Camco Inc. and General Electric Company (appellants) v. Whirlpool Corporation and Inglis Limited (respondents)

(27208; 2000 SCC 67)

Indexed As: Whirlpool Corp. et al. v. Camco Inc. et al.

Supreme Court of Canada

L’Heureux-Dubé, Gonthier, McLachlin, Iacobucci, Major, Bastarache and Binnie, JJ.

December 15, 2000.

Summary:

Plaintiffs sued for patent infringement, seeking damages, profits, declarations that their patents were valid and a permanent injunction. The plaintiffs also sought costs, including costs of a counterclaim which was withdrawn at the last minute. The counter­claim had advanced an allegation that the plaintiffs’ actions respecting their patent rights had resulted in damage to the defend­ants.

The Federal Court of Canada, Trial Divi­sion, in a decision reported 134 F.T.R. 161, declared that the patents were valid and that the defendants had infringed one of the plaintiffs’ patents. The court dismissed the counterclaim with costs. The defendants appealed. The appeal raised issues respecting the validity of the patent which the trial judge had held to have been infringed. The defendants also appealed the costs order.

The Federal Court of Appeal, in a decision reported at 236 N.R. 330, dismissed the appeal.

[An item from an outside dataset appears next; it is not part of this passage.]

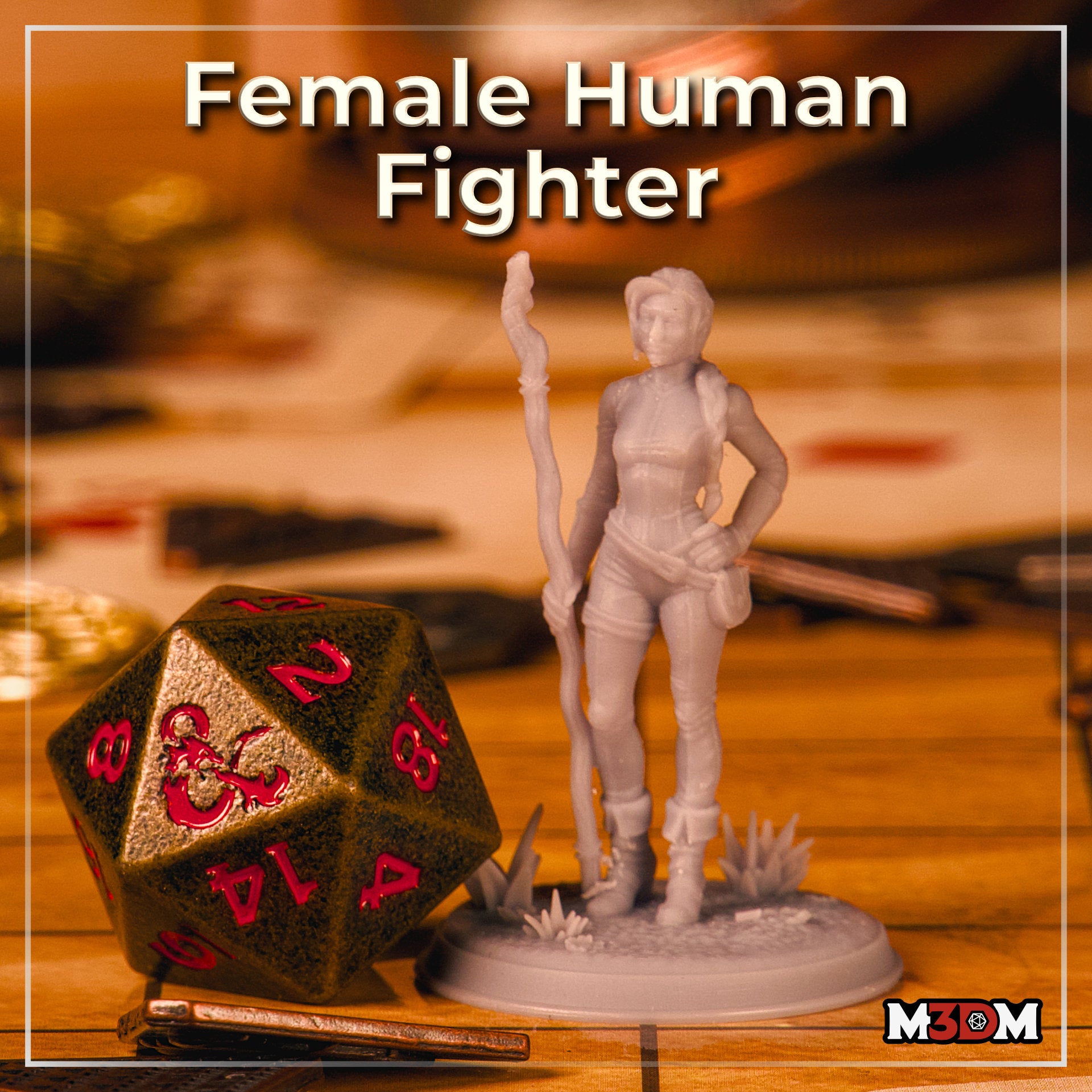 Female Human Fighter by Mia Kay M3DM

The defendants appealed.

The Supreme Court of Canada dismissed the appeal.

Editor’s note: For a companion decision see [2000] N.R. Uned. 199.

Patents of Invention – Topic 1026

The specification and claims – Construc­tion of a patent – General – The Supreme Court of Canada stated that the first step in a patent suit was to construe the claims using a purposive construction approach – The key to purposive construction was the identification by the court, with the assist­ance of a skilled reader, of the particular words or phrases in the claims that described what the inventor considered to be the invention’s “essential” elements – See paragraphs 42 to 49.

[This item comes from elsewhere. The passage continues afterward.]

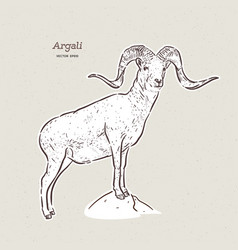 Argali Or Mountain Sheep Species Ovis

Patents of Invention – Topic 1026

The specification and claims – Construc­tion of a patent – General – Plaintiffs sued for infringement of their ‘803 and ‘734 patents – Both patents were for an agitator for clothes washing machines – The newer ‘734 patent specified flexed vanes – The ‘803 patent referred to only “vanes” – The de­fendants asserted that the ‘803 patent included either flexed or rigid vanes and the ‘734 patent constituted double-patent­ing – The trial judge referred to the rest of the specification and drawing, relied on the plaintiffs’ expert and concluded that the ‘803 patent did not include flexed vanes – The Supreme Court of Canada refused to in­ter­fere with the trial judge’s construction – The court affirmed the judge’s use of the specification and drawing to understand the meaning of “vane”, but stated that such ma­terial could not be used to enlarge or contract the scope of the claim as written and thus understood – Although the judge erred in using the filing date rather than the date of issuance as the relevant time for construing the claim, the error did not effect his decision – See paragraphs 51 to 62.

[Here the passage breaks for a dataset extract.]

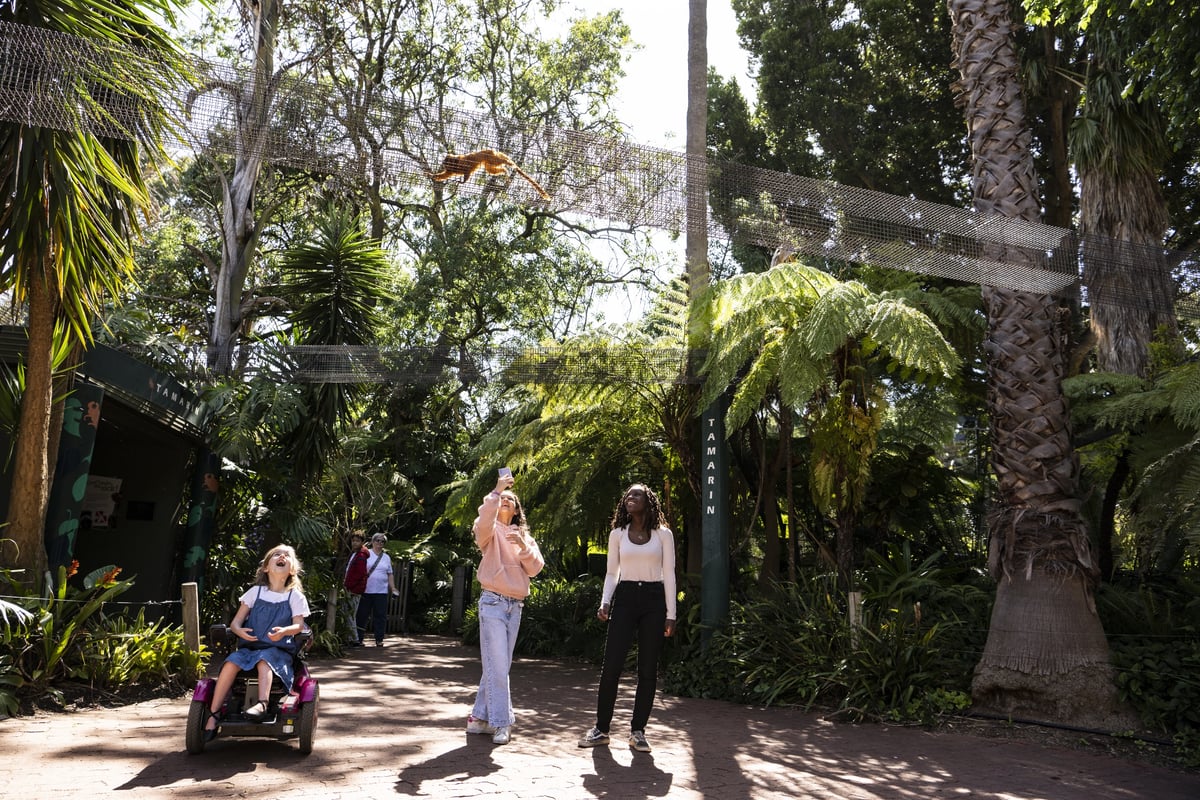 Giant Pandas Yi Lan and Xing Qiu at Adelaide Zoo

Patents of Invention – Topic 1026

The specification and claims – Construc­tion of a patent – General – Plaintiffs sued for infringement of their ‘803 and ‘734 patents – Both were for an agitator for clothes washing machines – The newer ‘734 patent specified flexed vanes – The ‘803 patent referred only to vanes – The defendants asserted that “vane” in the ‘803 patent was satisfied by either a flexed or a rigid vane and the ‘734 patent constituted double-patenting – The Agreed Statement of Facts stated that the defendants’ flexed vane machine infringed the ‘803 patent – The Supreme Court of Canada rejected an assertion that the agreed statement of facts foreclosed the trial judge from considering the “vane” issue – Claims construction was a matter of law for the trial judge and he was entitled to adopt a construction differ­ent than that put forward by the parties – See paragraph 62.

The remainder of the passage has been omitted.